WCF scales up slowly with bursts of work

This blog has moved to http://mode13h.azurewebsites.net.

WCF scales up slowly with bursts of work

Rate This
  • Comments 13

A few customers have noticed an issue with WCF scaling up when handling a burst of requests. Fortunately, there is a very simple workaround for this problem that is covered in KB2538826 (thanks to David Lamb for the investigation and write up). The KB article provides a lot of good information about when this would apply to your application and what to do to fix it. In this post, I want to explore exactly what's happening.
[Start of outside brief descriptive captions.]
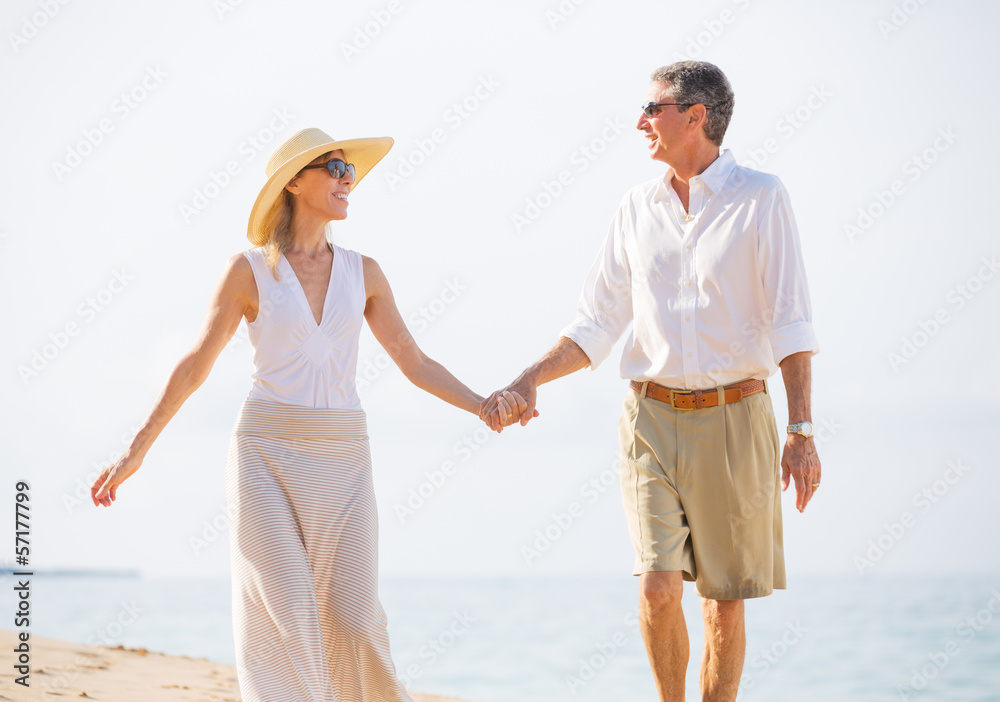 Middle Aged Couple Enjoying Walk on the Beach Middle Aged Couple Enjoying Walk on the Beach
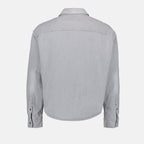 1. Distressed grey denim shirt2. AMI Paris3. Luxury casual wear4. High-quality denim5. Timeless fashion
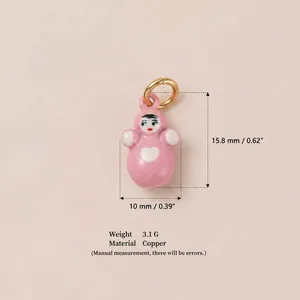 Detail showing a pink doll pendant charm with copper material and size measurements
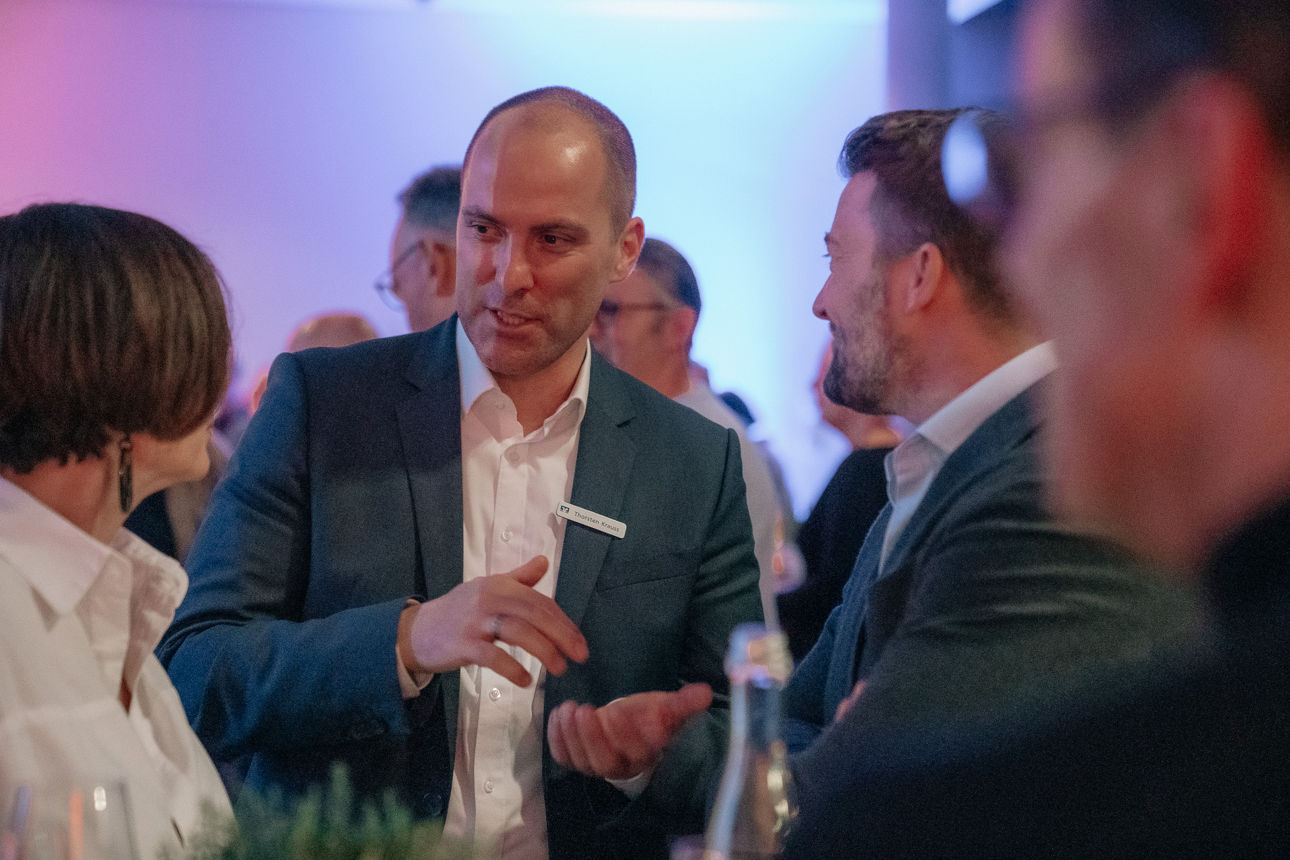 Mann im Gespräch mit Gästen bei einer Abendveranstaltung in lockerer, professioneller Atmosphäre.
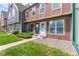 Neatly landscaped townhouse exterior with a walkway at 1653 S Blackhawk Way # B, Aurora, CO 80012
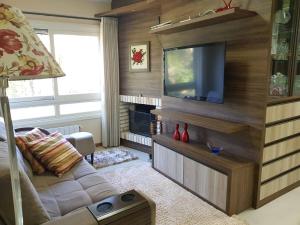 uma sala de estar com um sofá e uma televisão de ecrã plano em Apartamento Gramado em Gramado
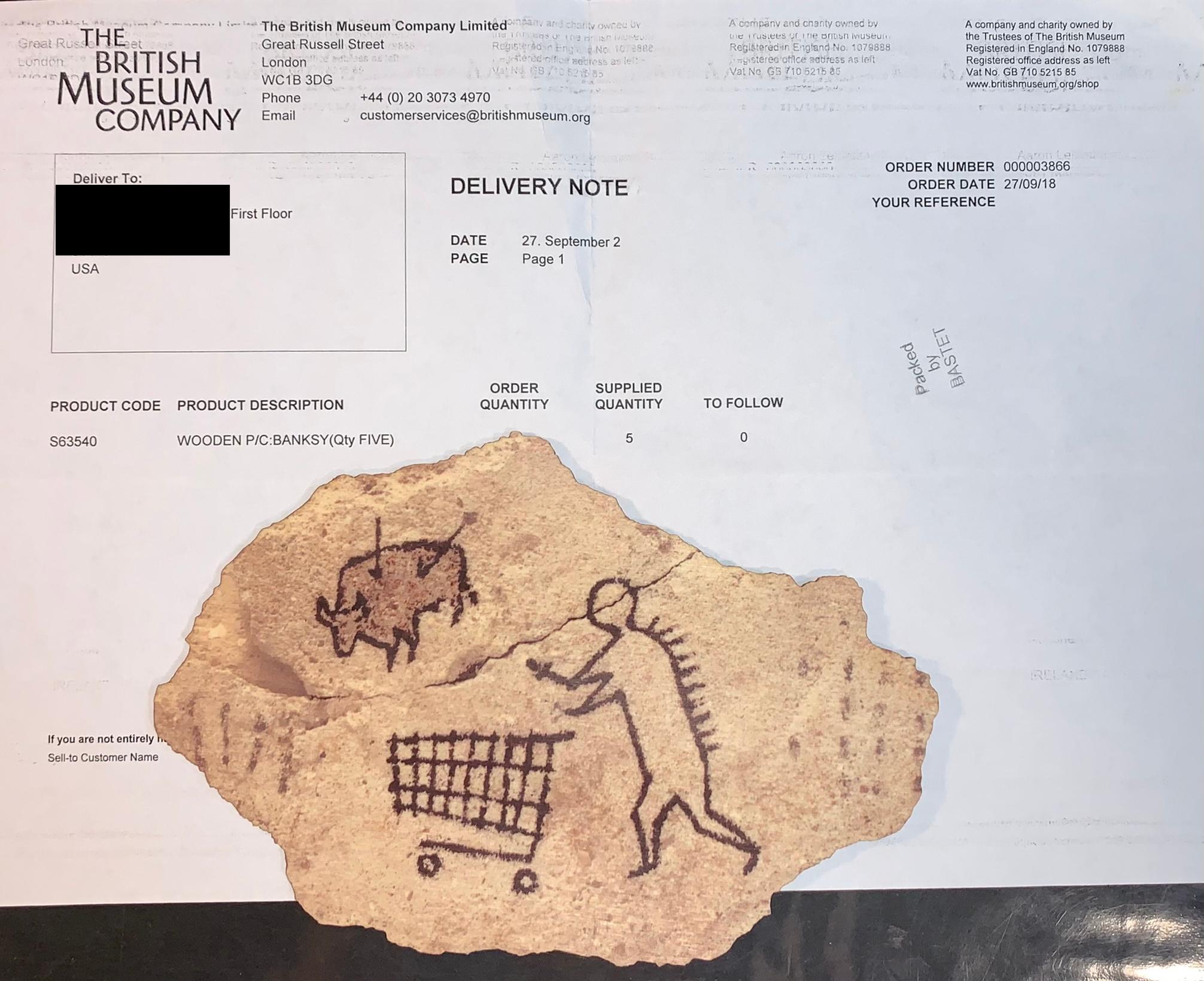 A wooden replica of Banksy's "Peckham Rock" wall art.

"Banksy's 'Peckham Rock' is a piece of concrete showing a supposed prehistoric figure pushing a shopping trolley. This was placed in The British Museum in 2005, accompanied by an authentic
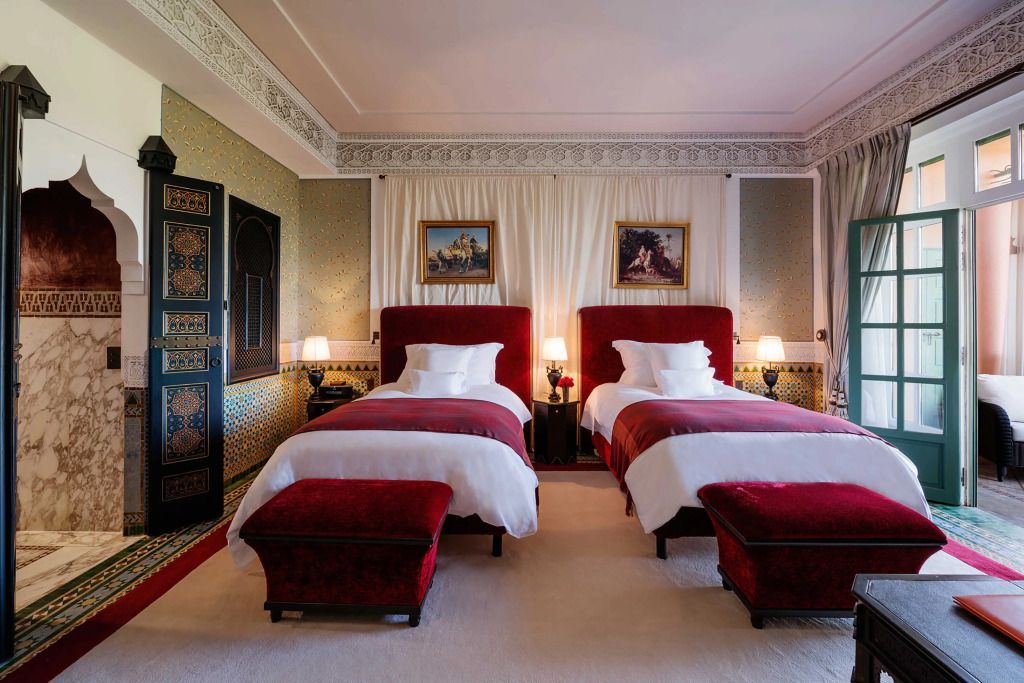Doppelzimmer der Al Mamoun Suite mit roten Samtbetten und kunstvollen Verzierungen.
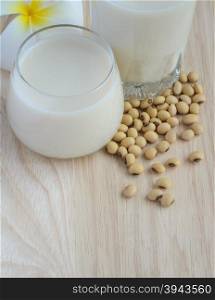 Fresh Soy milk (Soya milk) and dried soybean seeds on wooden background with white plumeria flower. Traditional staple of East Asian cuisine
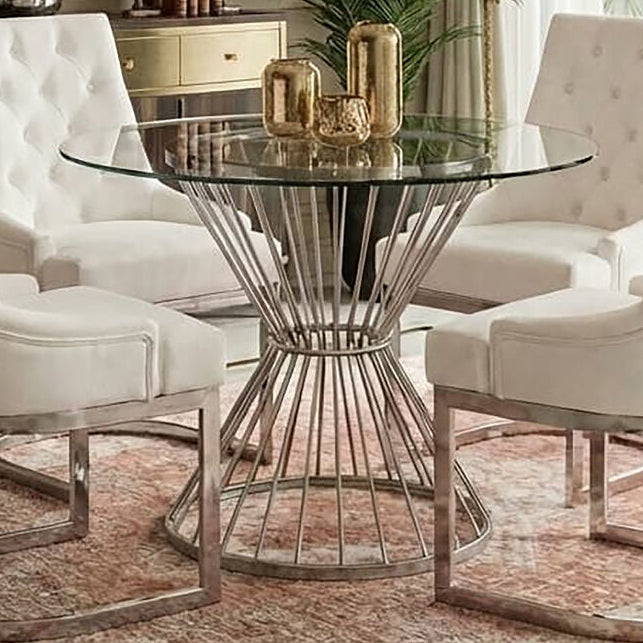 Clear glass round dining table with silver hourglass base in a dining room setting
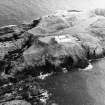 Oblique aerial view centred on the lighthouse, taken from the WNW.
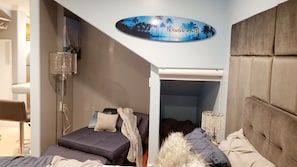 A bedroom with a bed, a small seating area, a chandelier, and a sign that says "Wonderlust".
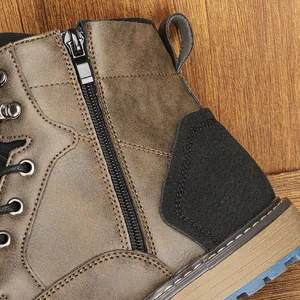 Detail of the side zipper and distressed leather on a vintage men's Martin boot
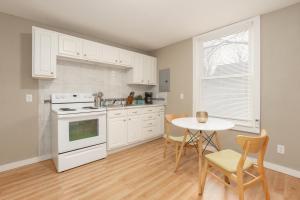 a kitchen with white cabinets and a table with chairs at Sleepover Historic Downtown Springfield Apartments in Springfield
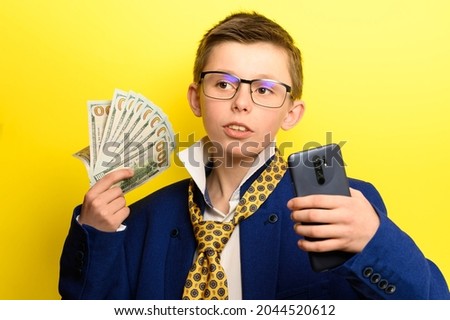 Successful and rich child taking a selfie with money, portrait of a boy in a suit on a yellow background. new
The best part is that there is an easy way to reproduce the problem. To do this, create a new WCF service application with the .NET 4 framework:

Then trim the default service contract down to only the GetData method:

using System.ServiceModel;

[ServiceContract]
public interface IService1
{
    [OperationContract]
    string GetData(int value);
}

And fill out the GetData method in the service code:

using System;
using System.Threading;

public class Service1 : IService1
{
    public string GetData(int value)
    {
        Thread.Sleep(TimeSpan.FromSeconds(2));
        return string.Format("You entered: {0}", value);
    }
}

The two second sleep is the most important part of this repro. We'll explore why after we create the client and observe the effects. But first, make sure to set the throttle in the web.config:

<configuration>
  <system.web>
    <compilation debug="true" targetFramework="4.0" />
  </system.web>
  <system.serviceModel>
    <behaviors>
      <serviceBehaviors>
        <behavior>
          <serviceMetadata httpGetEnabled="true"/>
          <serviceDebug includeExceptionDetailInFaults="false"/>
          <serviceThrottling maxConcurrentCalls="100"/>
        </behavior>
      </serviceBehaviors>
    </behaviors>
    <serviceHostingEnvironment multipleSiteBindingsEnabled="true" />
  </system.serviceModel>
  <system.webServer>
    <modules runAllManagedModulesForAllRequests="true"/>
  </system.webServer>
</configuration>

The Visual Studio web server would probably suffice, but I changed my web project to use IIS instead. This makes it more of a realistic situation. To do this go to the project properties, select the Web tab, and switch to IIS.

Be sure to hit the Create Virtual Directory button. In my case, I have SharePoint installed and it's taking up port 80, so I put the default web server on port 8080. Once this is done, build all and browse to the service to make sure it's working correctly.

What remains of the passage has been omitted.